The present method and system are in the field of performance measurement. More particularly, presented is a method and system for providing a visual representation of workplace performance.
Today""s workplaces are typically staffed on the basis of forecast workload. Correspondingly, there are performance expectations on how fast a workload is processed and services are provided. Emergency rooms, for example, are staffed on the basis of forecast patient load and expectations of how fast each patient needs to be treated. Loan offices are staffed on the forecast of financing needs of a community and the expectation of how long it should take for a loan to close. Likewise, call centers are staffed using forecasts of call volumes and service level expectations.
Performance expectations can take many forms. They can be expressed to a workplace as goals or standards and serve to motivate and discipline employees. Regardless of the basis, the establishment of such goals plays a critical role in any endeavor""s success. As organizations strive to achieve these goals, they often establish metrics, or a system of measurements and standards designed to evaluate organizational performance. One such metric in call center operations measures the responsiveness of the center to incoming calls.
A performance metric entitled, service level, examines what percentage of calls are answered within a specified time limit. The longer the customer has to wait for the call center to respond the lower the service level. A typical example of a call center service level metric is to have eighty percent of the incoming calls answered within twenty seconds. But metrics are dynamic management tools that must be tailored to specific working environments. In the service industry the provided service identifies the competitive market. Evaluating a workplace""s performance in providing a service can include several differing criteria. In the call center environment both the percentage of calls answered and the time taken by an agent to answer a call can vary depending on the needs and goals of the company. Likewise, the service level metric, which is a means to evaluate a center""s performance, can vary from call center to call center. Another metric useful in call center management is the abandon rate, which specifies the percentage of callers who abandon their calls or hang up before they reach a representative.
While the service level and the abandonment rate are easily ascertainable statistics, they fail, standing alone, to quickly convey to the call center manager an indication of a customer""s tolerance for delays in reaching an agent or an understanding of the customer""s call center experience. Statistical data does not provide a means to describe the relationship between the amount of time a typical caller has to wait before reaching a representative and the volume of calls being received by the call center. Current methods fail to present any indication of how performance levels vary over a specified period of time. Furthermore, statistical data is by definition historical resulting in a deficit of any real-time or near real-time capability to monitor performance levels. Lacking an understanding and visualization of the overall customer experience as well as the fluctuations in forecast workload results in managers being ill equipped to motivate employees. Similarly, managers are ineffective at adjusting workplace procedures and schedules to better meet the metrics and increase overall productivity. Without the proper indication of performance levels, challenging yet ascertainable metrics are more difficult to design, often causing performance and revenue to suffer.

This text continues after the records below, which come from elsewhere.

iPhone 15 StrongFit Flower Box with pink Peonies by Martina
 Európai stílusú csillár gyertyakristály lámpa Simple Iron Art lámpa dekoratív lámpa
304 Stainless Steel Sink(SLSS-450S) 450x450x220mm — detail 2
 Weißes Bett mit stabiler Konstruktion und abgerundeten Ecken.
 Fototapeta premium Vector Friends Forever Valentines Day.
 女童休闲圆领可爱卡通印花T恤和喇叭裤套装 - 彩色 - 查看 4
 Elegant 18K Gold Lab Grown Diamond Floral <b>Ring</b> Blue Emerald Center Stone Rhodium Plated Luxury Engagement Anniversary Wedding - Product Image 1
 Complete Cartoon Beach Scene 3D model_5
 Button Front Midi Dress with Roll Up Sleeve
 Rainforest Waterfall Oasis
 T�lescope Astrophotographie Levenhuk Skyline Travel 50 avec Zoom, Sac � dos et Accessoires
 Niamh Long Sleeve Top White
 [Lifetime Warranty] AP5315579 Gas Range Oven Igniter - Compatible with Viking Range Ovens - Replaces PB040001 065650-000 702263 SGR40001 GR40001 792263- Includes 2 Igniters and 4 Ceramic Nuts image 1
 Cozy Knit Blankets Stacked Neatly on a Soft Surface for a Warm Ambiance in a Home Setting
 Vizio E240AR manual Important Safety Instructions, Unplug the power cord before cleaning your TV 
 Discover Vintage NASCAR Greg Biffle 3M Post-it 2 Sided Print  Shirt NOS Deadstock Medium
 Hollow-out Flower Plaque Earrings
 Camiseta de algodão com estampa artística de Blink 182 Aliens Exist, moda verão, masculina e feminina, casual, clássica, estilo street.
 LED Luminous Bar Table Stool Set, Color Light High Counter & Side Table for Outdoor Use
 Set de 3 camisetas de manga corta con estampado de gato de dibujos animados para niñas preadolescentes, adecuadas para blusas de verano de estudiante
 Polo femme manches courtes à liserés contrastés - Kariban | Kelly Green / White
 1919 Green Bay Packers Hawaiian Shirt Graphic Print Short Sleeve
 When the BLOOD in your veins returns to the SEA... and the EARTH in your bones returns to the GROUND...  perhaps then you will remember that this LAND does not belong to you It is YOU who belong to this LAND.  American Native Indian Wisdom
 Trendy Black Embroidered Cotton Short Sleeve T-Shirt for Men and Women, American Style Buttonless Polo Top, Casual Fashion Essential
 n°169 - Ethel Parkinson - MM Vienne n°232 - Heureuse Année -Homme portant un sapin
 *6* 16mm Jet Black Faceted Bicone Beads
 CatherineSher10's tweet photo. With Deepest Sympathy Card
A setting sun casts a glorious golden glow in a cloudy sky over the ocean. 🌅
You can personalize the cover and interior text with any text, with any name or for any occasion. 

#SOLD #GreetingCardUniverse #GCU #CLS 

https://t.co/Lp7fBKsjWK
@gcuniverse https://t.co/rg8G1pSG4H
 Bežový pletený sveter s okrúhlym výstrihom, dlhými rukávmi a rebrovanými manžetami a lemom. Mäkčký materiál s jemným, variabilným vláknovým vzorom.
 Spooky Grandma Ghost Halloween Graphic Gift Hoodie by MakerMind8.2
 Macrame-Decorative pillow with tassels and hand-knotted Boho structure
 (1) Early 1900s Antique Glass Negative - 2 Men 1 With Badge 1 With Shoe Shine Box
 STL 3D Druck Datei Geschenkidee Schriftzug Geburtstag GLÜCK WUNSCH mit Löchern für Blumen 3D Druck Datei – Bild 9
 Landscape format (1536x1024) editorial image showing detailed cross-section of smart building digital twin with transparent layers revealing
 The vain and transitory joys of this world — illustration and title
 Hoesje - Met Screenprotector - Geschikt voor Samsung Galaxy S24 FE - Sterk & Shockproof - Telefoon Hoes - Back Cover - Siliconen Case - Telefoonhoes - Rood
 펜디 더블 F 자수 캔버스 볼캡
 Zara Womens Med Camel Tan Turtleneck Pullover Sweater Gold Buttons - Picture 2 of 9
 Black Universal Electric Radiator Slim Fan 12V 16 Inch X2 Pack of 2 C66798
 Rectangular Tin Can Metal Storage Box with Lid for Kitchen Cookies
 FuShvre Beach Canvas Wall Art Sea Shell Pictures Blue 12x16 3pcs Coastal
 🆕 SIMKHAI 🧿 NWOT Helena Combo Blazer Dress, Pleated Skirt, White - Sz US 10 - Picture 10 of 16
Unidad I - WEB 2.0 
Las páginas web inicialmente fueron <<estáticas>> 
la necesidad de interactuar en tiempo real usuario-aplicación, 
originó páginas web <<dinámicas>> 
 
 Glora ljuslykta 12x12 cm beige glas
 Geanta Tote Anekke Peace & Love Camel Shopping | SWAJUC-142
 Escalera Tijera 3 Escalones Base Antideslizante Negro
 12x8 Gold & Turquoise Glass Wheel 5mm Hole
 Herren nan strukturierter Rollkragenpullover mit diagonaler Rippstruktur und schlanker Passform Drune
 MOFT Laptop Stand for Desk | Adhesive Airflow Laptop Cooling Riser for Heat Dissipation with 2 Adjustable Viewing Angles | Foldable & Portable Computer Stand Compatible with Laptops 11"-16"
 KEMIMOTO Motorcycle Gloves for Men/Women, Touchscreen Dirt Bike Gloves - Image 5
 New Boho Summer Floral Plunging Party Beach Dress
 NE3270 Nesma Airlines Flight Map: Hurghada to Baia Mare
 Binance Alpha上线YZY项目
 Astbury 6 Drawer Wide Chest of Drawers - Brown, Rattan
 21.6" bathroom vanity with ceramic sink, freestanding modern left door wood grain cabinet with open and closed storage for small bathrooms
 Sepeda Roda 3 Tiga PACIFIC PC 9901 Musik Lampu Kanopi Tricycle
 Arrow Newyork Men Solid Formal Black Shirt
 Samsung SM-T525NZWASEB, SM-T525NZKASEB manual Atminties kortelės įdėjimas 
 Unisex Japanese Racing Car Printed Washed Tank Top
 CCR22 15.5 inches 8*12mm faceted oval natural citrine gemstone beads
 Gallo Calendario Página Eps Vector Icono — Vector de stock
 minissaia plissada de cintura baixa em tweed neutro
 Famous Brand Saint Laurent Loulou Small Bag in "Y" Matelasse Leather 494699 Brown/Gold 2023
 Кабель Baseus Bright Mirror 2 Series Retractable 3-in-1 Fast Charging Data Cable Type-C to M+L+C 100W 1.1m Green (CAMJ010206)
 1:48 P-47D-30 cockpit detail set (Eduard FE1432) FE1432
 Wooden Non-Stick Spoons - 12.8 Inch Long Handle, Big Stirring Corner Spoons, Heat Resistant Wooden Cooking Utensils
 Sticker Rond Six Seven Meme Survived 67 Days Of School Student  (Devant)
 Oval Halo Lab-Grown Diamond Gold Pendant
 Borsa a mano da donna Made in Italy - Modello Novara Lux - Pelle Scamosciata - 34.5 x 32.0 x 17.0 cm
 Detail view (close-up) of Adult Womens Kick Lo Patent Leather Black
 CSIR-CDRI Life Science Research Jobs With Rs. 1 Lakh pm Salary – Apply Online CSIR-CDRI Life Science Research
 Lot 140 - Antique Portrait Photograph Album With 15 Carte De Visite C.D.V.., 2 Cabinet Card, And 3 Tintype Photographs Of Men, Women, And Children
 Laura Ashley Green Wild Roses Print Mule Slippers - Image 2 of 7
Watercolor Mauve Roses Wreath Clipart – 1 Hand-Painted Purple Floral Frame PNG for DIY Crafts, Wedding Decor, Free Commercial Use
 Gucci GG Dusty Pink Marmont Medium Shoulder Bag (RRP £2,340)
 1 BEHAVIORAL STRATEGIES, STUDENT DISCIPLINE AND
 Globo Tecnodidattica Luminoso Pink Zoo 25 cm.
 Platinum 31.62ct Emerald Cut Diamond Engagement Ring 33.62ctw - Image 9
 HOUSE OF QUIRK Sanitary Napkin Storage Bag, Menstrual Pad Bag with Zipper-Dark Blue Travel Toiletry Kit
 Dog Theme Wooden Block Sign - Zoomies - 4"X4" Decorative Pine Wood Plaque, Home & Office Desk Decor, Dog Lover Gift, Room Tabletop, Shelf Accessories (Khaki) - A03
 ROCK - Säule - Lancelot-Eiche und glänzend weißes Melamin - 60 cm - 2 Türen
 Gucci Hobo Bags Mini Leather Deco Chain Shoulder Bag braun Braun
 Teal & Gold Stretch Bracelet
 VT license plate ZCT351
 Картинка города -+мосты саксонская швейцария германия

Presented is a system and method for visualizing performance levels of a workplace in a time-varying environment. One possible application for such a method and system is visualizing service levels and abandonment rates for call centers. In one embodiment a display includes a graphical depiction generated from statistical information regarding incoming call volume, call center responsiveness, and abandonment time. In one embodiment, a graph is created consisting of two axes. Depicted on the horizontal axis is a reference time period corresponding, in the call center example, to how long the call center is open. This reference time is typically the work day but can include any other reference time period that can enhance the call center manager""s ability to evaluate the call center""s performance. The vertical axis on the display represents response time, which in an embodiment applicable to the call centers is the time required for each call to be answered by an agent. For each call received by the call center during the reference time period a symbol is placed on the display according to values represented by these two axes.
The display aggregates the calls that a call center receives during the reference period and provides historical data for trend analysis. In another embodiment, different call centers"" performance levels are overlaid onto a particular display using different symbols to illustrate relative performance levels. Superimposed on the display, in one embodiment, is a horizontal line depicting the service level metric. This metric represents the goal established by the organization to answer a certain percentage of calls within a certain time period. Similarly, calls that are abandoned by the caller are differentiated from calls answered by the call center to provide the call center manager an indication of caller patience as it varies during the time period.